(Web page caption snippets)

○ ○ ○ ○ ○

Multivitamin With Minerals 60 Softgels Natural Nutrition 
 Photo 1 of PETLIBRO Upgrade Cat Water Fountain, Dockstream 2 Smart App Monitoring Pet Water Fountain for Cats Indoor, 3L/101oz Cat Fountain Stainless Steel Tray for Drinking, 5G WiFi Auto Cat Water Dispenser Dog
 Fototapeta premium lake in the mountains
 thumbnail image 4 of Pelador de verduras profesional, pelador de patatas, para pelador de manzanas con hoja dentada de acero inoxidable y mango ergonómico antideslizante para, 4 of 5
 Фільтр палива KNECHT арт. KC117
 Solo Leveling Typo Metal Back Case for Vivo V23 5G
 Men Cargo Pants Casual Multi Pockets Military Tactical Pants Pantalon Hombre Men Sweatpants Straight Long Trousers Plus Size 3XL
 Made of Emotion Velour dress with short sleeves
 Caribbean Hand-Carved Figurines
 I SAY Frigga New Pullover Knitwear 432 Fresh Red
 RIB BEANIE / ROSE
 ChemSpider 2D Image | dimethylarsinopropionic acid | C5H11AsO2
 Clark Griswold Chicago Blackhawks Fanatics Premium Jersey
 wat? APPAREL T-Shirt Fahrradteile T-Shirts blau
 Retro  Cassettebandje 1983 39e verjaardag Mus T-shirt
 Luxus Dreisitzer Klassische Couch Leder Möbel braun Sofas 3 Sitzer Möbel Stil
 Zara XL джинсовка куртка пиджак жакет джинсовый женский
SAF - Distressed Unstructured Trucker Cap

○ ○ ○ ○ ○

Work required: Beginning at the opening line of the data, transcribe each line exactly until you reach the line with "Фільтр палива KNECHT арт. KC117", which you also include, and go no further.

Result of the task:
Multivitamin With Minerals 60 Softgels Natural Nutrition 
 Photo 1 of PETLIBRO Upgrade Cat Water Fountain, Dockstream 2 Smart App Monitoring Pet Water Fountain for Cats Indoor, 3L/101oz Cat Fountain Stainless Steel Tray for Drinking, 5G WiFi Auto Cat Water Dispenser Dog
 Fototapeta premium lake in the mountains
 thumbnail image 4 of Pelador de verduras profesional, pelador de patatas, para pelador de manzanas con hoja dentada de acero inoxidable y mango ergonómico antideslizante para, 4 of 5
 Фільтр палива KNECHT арт. KC117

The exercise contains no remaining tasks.